[Records for the exercise]:

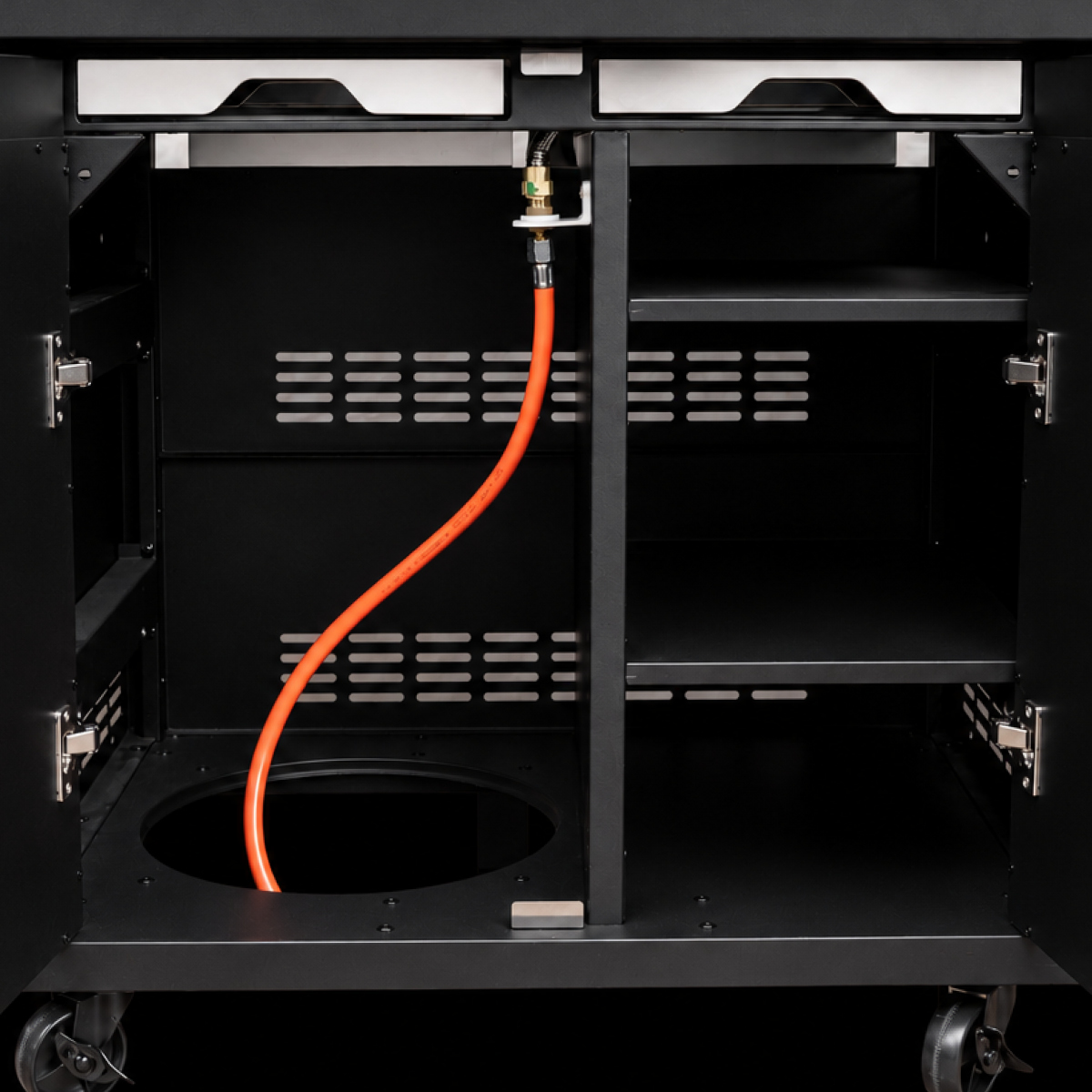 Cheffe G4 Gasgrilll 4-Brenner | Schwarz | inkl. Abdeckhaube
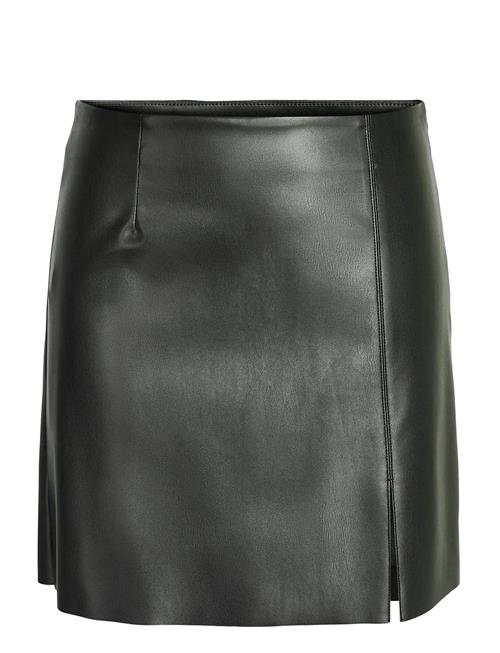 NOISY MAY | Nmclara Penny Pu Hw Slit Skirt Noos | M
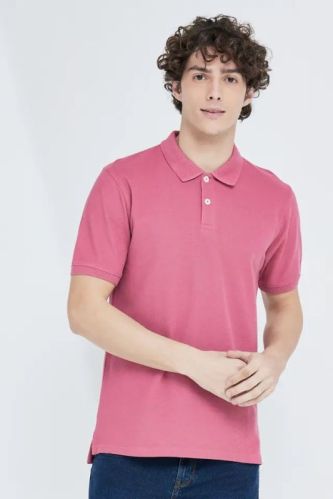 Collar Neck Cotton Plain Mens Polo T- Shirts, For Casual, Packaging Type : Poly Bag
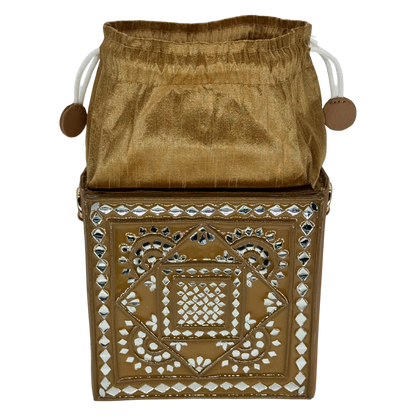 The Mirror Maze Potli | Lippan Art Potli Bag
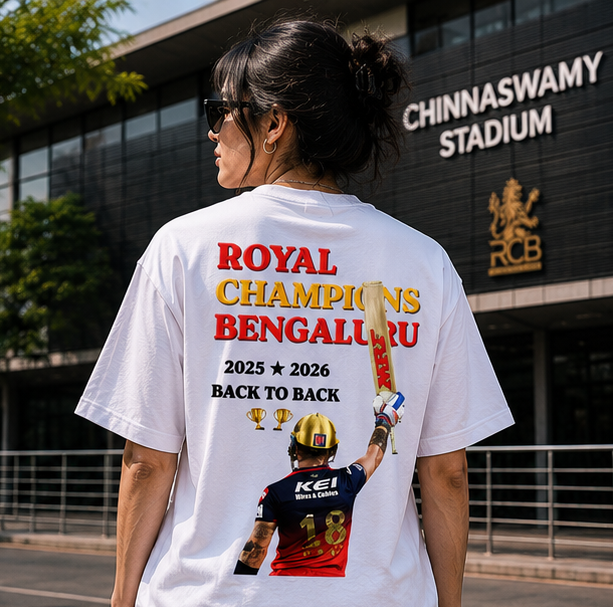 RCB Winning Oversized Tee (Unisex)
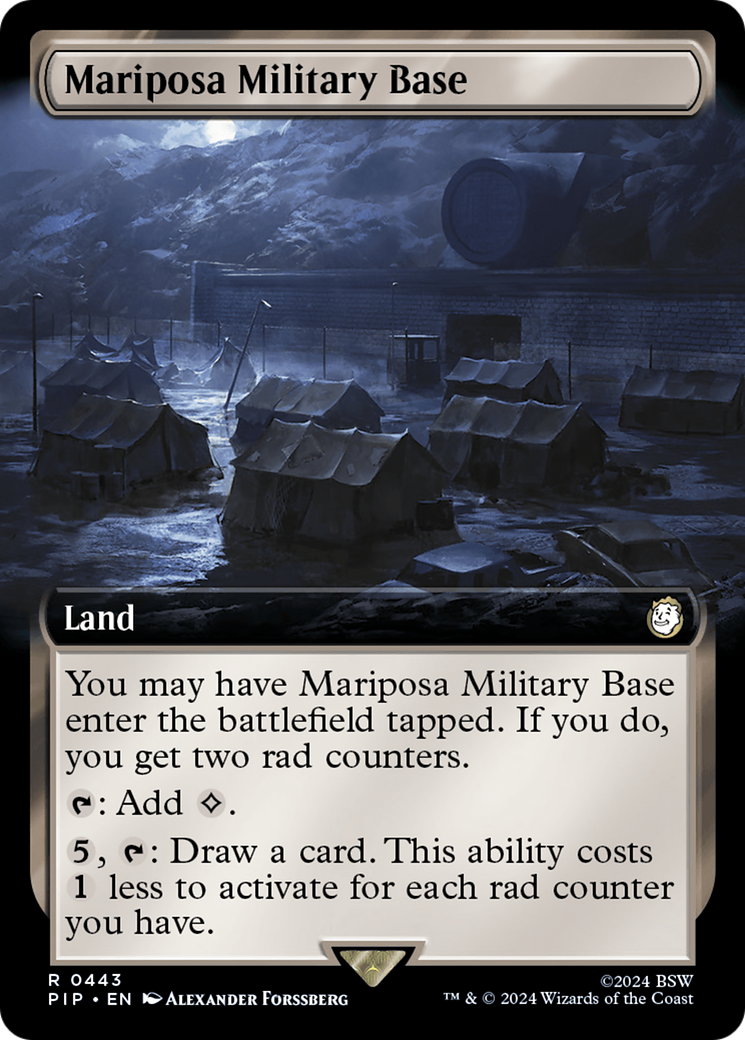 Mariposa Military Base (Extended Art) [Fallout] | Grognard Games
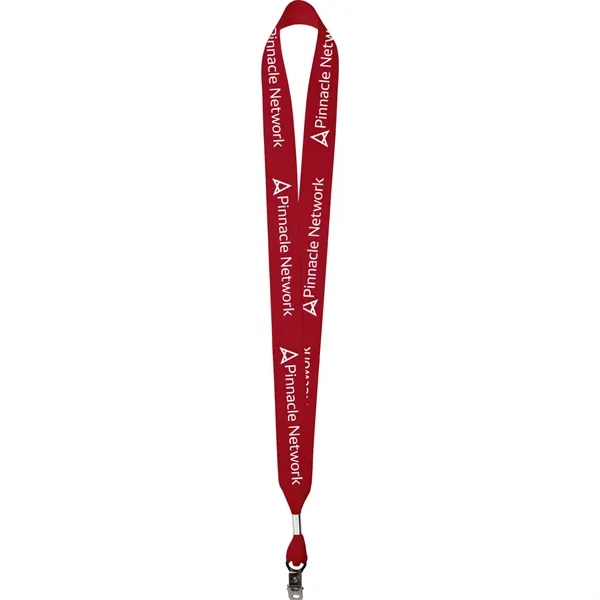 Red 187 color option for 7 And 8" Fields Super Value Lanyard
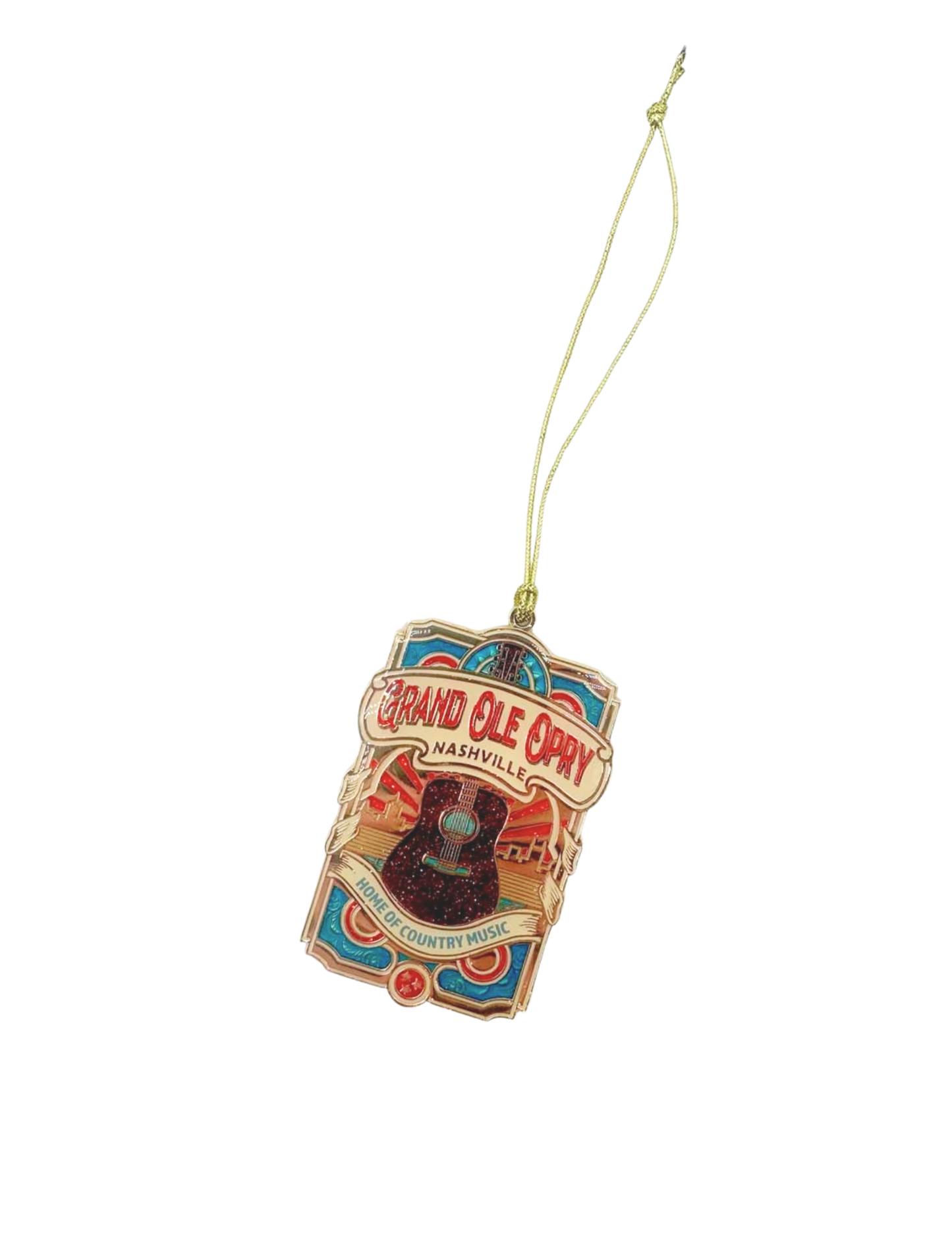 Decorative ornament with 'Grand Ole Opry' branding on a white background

[Directions]: All of the listing above must be output exactly, except for its pictures.

[Your response]:
 Cheffe G4 Gasgrilll 4-Brenner | Schwarz | inkl. Abdeckhaube
 NOISY MAY | Nmclara Penny Pu Hw Slit Skirt Noos | M
 Collar Neck Cotton Plain Mens Polo T- Shirts, For Casual, Packaging Type : Poly Bag
 The Mirror Maze Potli | Lippan Art Potli Bag
 RCB Winning Oversized Tee (Unisex)
 Mariposa Military Base (Extended Art) [Fallout] | Grognard Games
 Red 187 color option for 7 And 8" Fields Super Value Lanyard
 Decorative ornament with 'Grand Ole Opry' branding on a white background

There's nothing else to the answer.